# My homemade mineral feeders



## PrettyPaisley (May 18, 2007)

I finally broke down and went looking for DIY mineral feeders that would be very difficult to destroy or poop in - and I think I found it. Now if I can only convince my almost 4 year old DD that she is not to play in the minerals and salt! 

The picture is of celtic sea salt and Right Now Onyx minerals. We have the pipe but not the "Y" attachments to make two more; one for baking soda and one for Thorvin kelp. I so hope this method will ensure consistent feedings and help with parasites. We've had such a hard time this summer keeping them healthy!! 



Those guys are 3 of the 4 kids we kept; our wether Rusty, Rosabell, and Sookie. Rusty and Sookie have a scur since it was my 1st year disbudding and Rosabell still has her horns because I didn't expect to keep her.


----------



## nehimama (Jun 18, 2005)

Looks great!


----------



## BlueRose (Mar 7, 2013)

I have a friend made something similar for chickens.


----------



## BackfourtyMI. (Sep 3, 2007)

They look good, you did a great job.


----------



## parrotman (Jan 27, 2008)

They're beautiful and in theory, you would think they would work. Now let me burst your bubble. I made the exact feeders that you made.
I no longer use them. The first thing I discovered is that they are very wasteful of product.
Everything below the "Y" is wasted as the goats cannot get their head/mouths in very far and essentially can only eat what is in the actual opening. If you put something in the bottom of the feeder to fill the voided space, it makes them very heavy.
If you fill the tubes entirely with product, you'll find that humidity and moisture get to the product and it clumps and is no longer viable or palatable to your goats. Yes, I kept mine indoors...never were used outdoors.
It could have just been me and my experience, but I would suggest living with these for a while before you make the other feeders.
But yes, they are very attractive!


----------



## Bret (Oct 3, 2003)

They look nice. 

I wonder if you could mix up a small amount of concrete and fill the bottoms up to a good level.


----------



## parrotman (Jan 27, 2008)

> I wonder if you could mix up a small amount of concrete and fill the bottoms up to a good level.


You can. I did. They weigh a ton.


----------



## CJBegins (Nov 20, 2009)

I made one. In addition to the problem parrotman noted above, I found that the minerals would pour out once an avalanche got started. 

I really wanted it to work. I then went to a 5 gallon bucket(that is what I had available) and cut a hole about 4" from the bottom and hang that in their pen under shelter.


----------



## o&itw (Dec 19, 2008)

A couple of suggestions. If you use a "plug" in the bottom of the "y" instead of the section of pipe and cap, it will leave a lot less room to fill up with unused minerals. They do make them, go to a plumbing supply instead of a big box store. You could also use a cylinder of wood to bring up the bottom to the correct level, which would weigh less than the mineral itself, so no weight problem. It doesn't have to fit perfectly, a little mineral getting down the sides won't hurt.

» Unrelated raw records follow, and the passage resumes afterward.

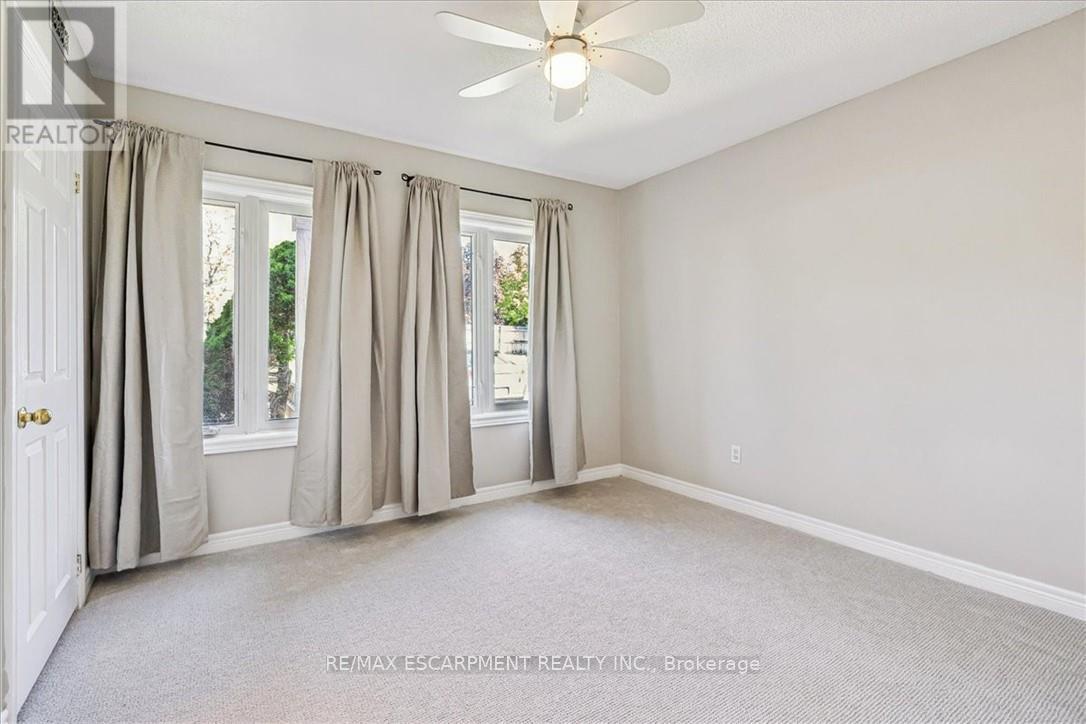 1102 - 4140 Foxwood Drive, Burlington (Tansley), Ontario  L7M 4R4 - Photo 7 - W12179040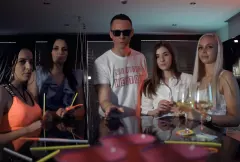 Taneczna premiera disco polo podbije listy przebojów?! Fani zachwyceni nowością twórcy hitu ”Lody”!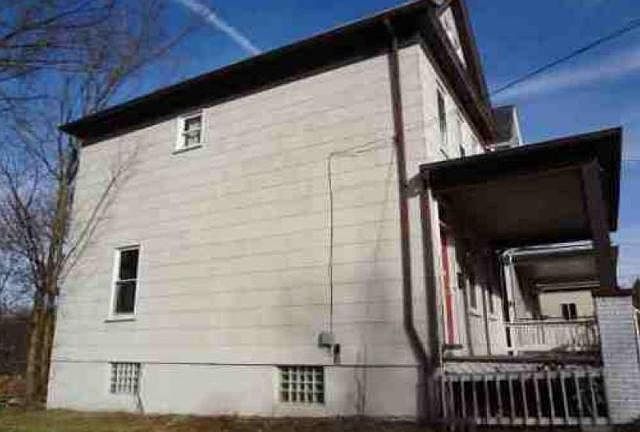 2nd image of 308 Elsdon St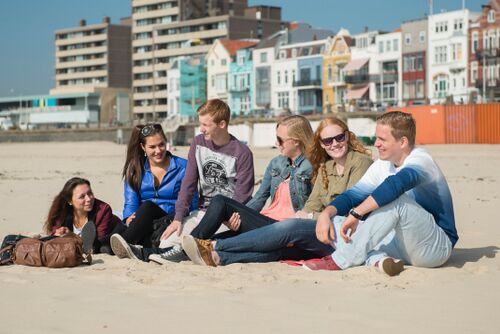 ZS-Banner-Jongeren-strand.jpg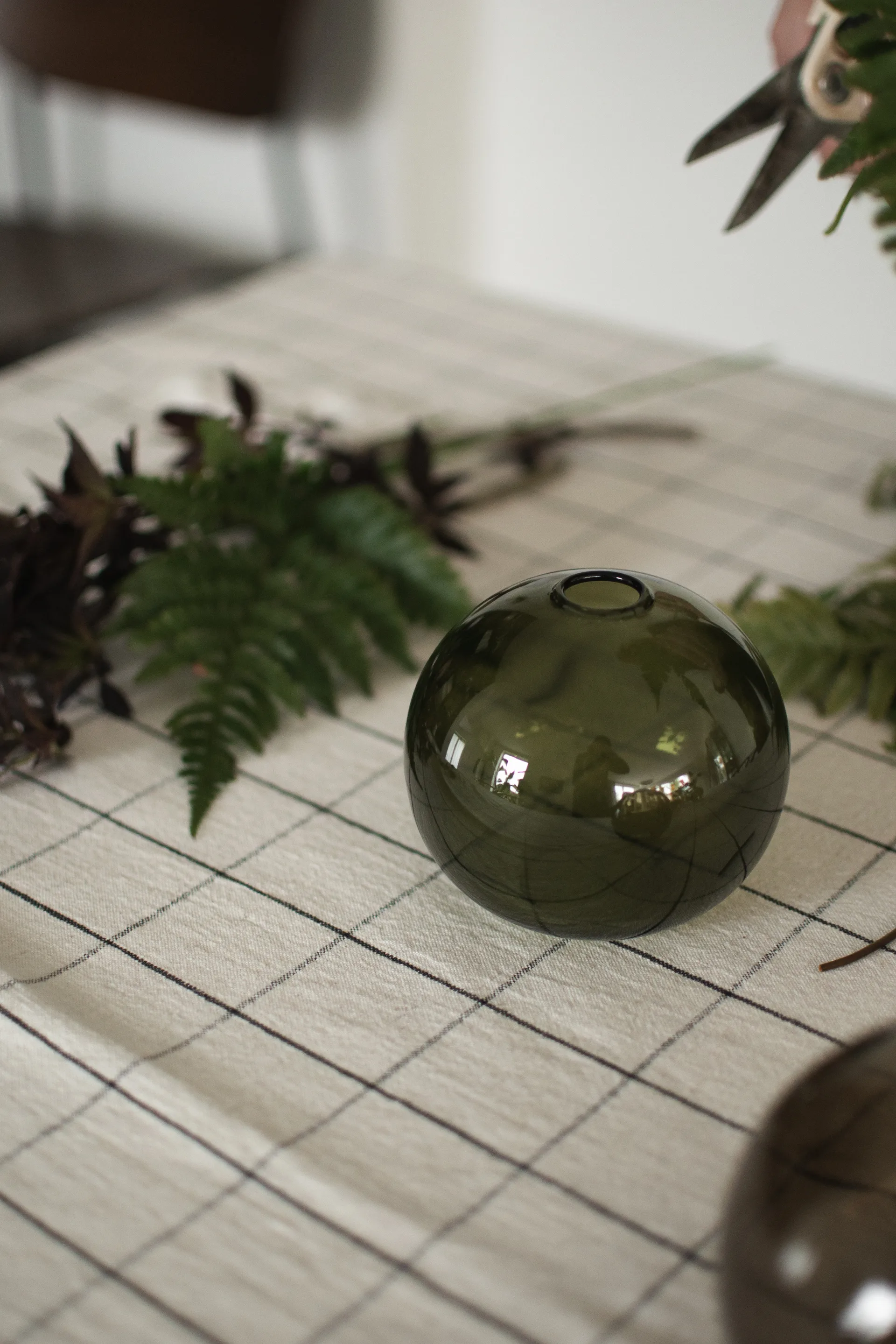 Vase Ball Ø10 cm, Green DBKD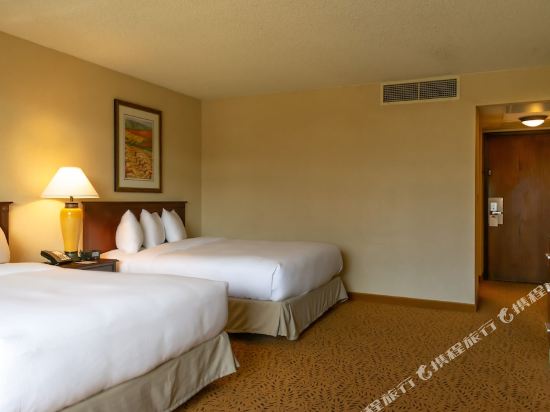 DoubleTree by Hilton San Jose Room Type - Queen Room with Two Queen Beds and Balcony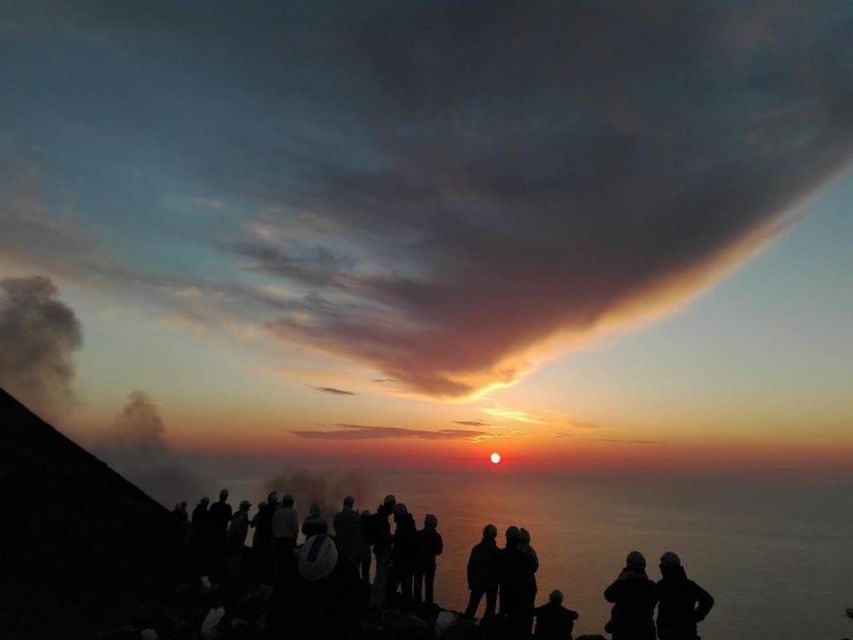Sunset Trekking on vulcano Stromboli - The long wait for the best view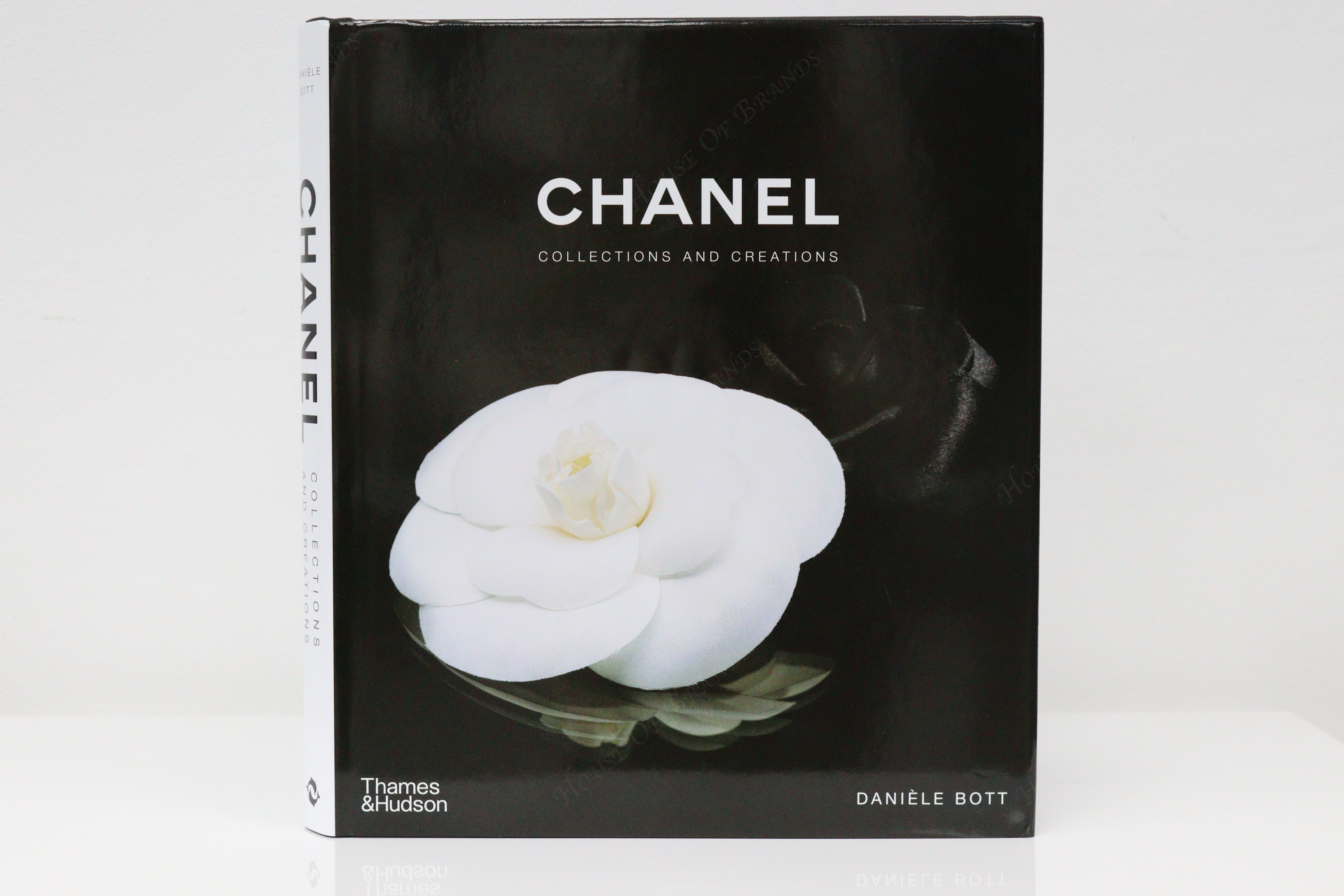 THAMES & HUDSON Chanel Collections Book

If a cut-down 5 gallon bucket will work for a mineral feeder. you can place the pipe a partial way down into the bucket, and it will work the same. (think chicken feeder)

If you can find a three gallon bucket, it might work even better. I have one , but I don't remember what came in it.

Not being critical of you idea, they look great, but making some suggestions that might counteract some of the downside above posters have mentioned.


----------



## coso (Feb 24, 2004)

I have used mine like that for years now. Just put some small rocks in the bottom of them to fill up that dead space. Don't fill them with mineral to the top. Depending on how many goats you have limit how much you put in so it doesn't cake up. Yes they will draw moisture, it's mineral with salt in it. It doesn't matter where you put it it's going to draw moisture. The plug is a good idea also.:goodjob:


----------



## Alice In TX/MO (May 10, 2002)

I built one, too. Made a wooden plug for the bottom to fill up that lower wasted space. After humidity got to the minerals, the goats quit eating it, the part above the Y turned to rock, and it's now a wall decoration. 

It will work great if you just put a half a cup in the Y every couple of days!


----------



## anita_fc (May 24, 2008)

I love our mineral feeders like that, but I live in a fairly dry climate (high desert, southern Idaho). A friend made them for me, and he installed a wooden plug in the bottom. Mine also have caps at the top, so I've had no trouble with moisture getting in. Our highest humidity this summer was about 74%, but they go through higher humidity in the winter and spring just fine without packing.


----------



## coso (Feb 24, 2004)

:thumb:I put caps on mine also.


----------



## Doug Hodges (Jul 22, 2013)

I just put the Right Now Onyx and the backing soda in hanging feeders and put them in the stalls of the barn.


----------



## Awnry Abe (Mar 21, 2012)

Looks good to me, PP. I hope you can make some tweaks, if needed, to make them work. If not, just do what I do and go out with a feed scoop and refill bins as needed (pretty much daily).


----------



## PrettyPaisley (May 18, 2007)

So far they are working okay. The goats and cows are going through them so fast there is little time for caking. And so far no big spills ... so I'll keep using them until they don't work anymore. 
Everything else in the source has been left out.